• Work instruction
Copy the lines below exactly, starting at the one with "2021 Toyota RAV4 XLE Premium - Photo 18" and ending at the one with "Lluvias, tormentas y", and leave out any picture.

• Records supplied
══════
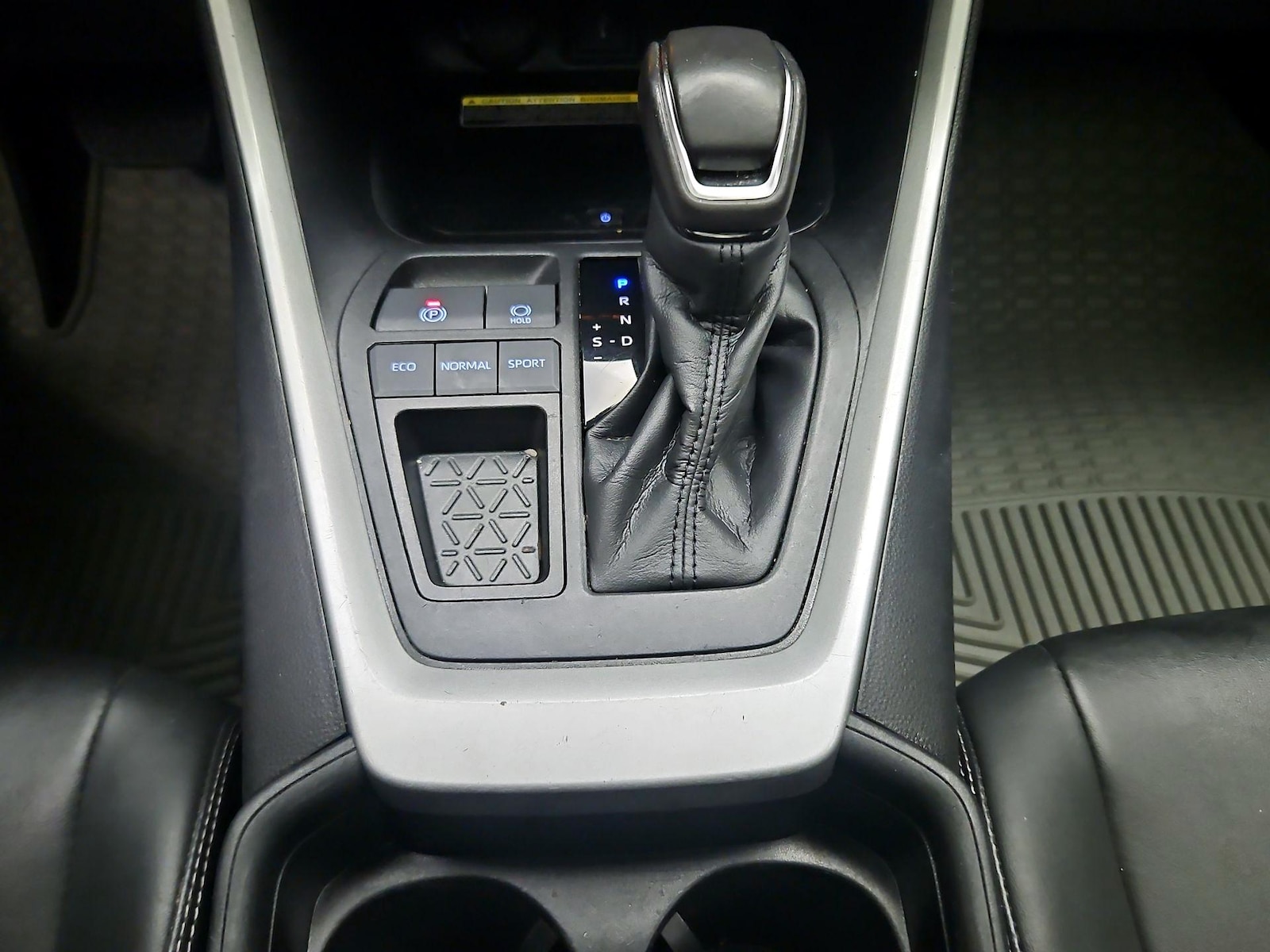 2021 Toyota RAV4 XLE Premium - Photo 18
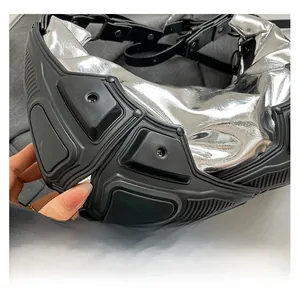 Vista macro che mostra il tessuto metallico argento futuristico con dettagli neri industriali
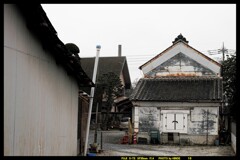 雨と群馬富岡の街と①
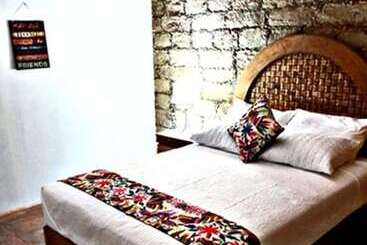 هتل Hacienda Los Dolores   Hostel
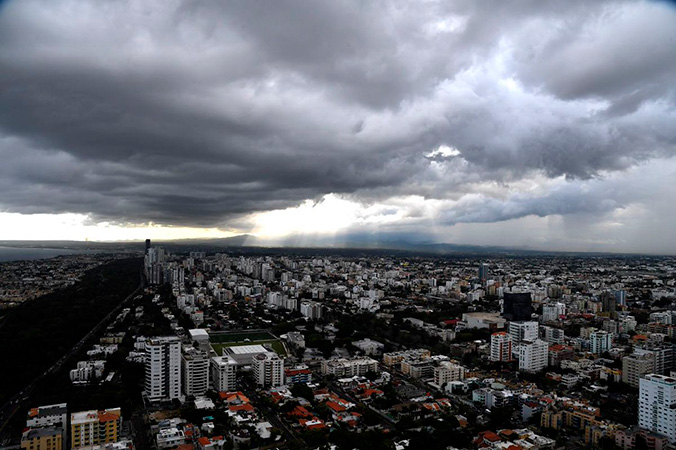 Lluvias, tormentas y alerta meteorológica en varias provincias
══════
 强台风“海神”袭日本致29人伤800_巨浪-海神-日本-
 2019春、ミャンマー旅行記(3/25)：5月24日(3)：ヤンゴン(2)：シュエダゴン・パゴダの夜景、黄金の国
══════
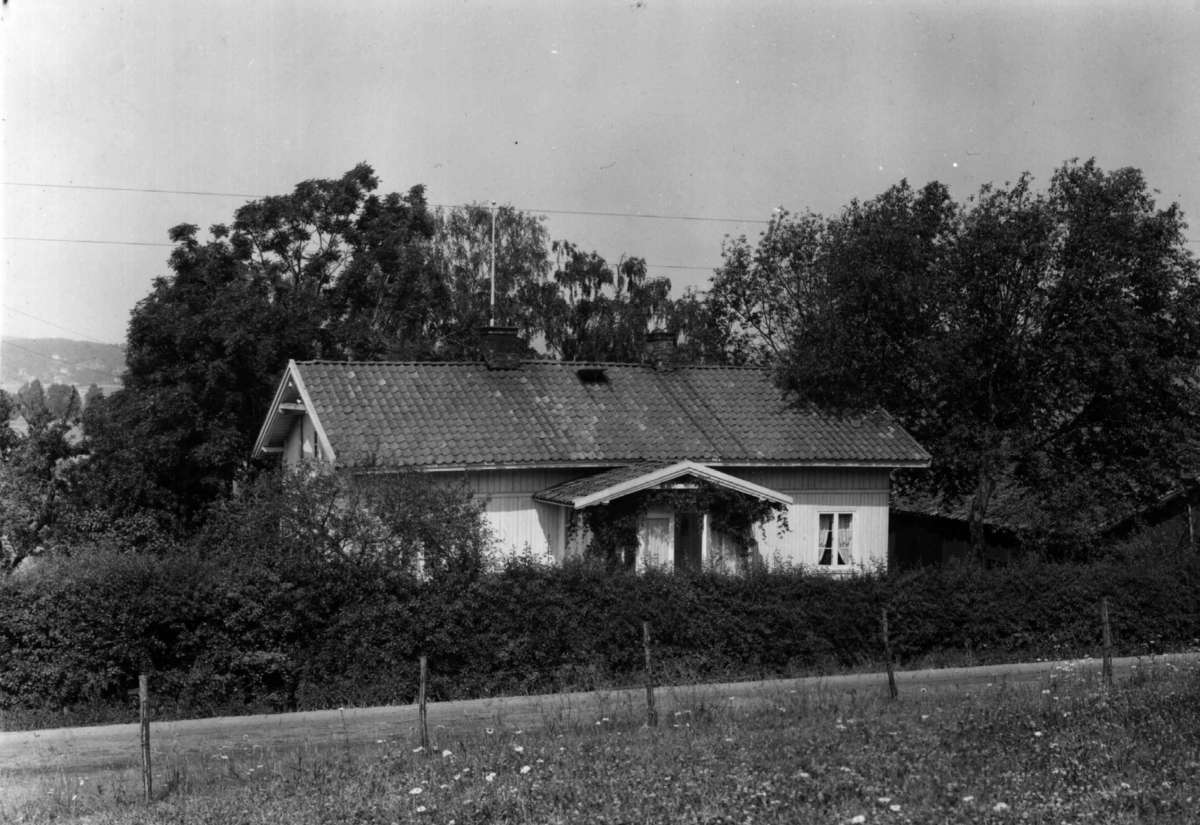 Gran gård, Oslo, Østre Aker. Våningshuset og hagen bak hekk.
══════
• Solution below
 2021 Toyota RAV4 XLE Premium - Photo 18
 Vista macro che mostra il tessuto metallico argento futuristico con dettagli neri industriali
 雨と群馬富岡の街と①
 هتل Hacienda Los Dolores   Hostel
 Lluvias, tormentas y alerta meteorológica en varias provincias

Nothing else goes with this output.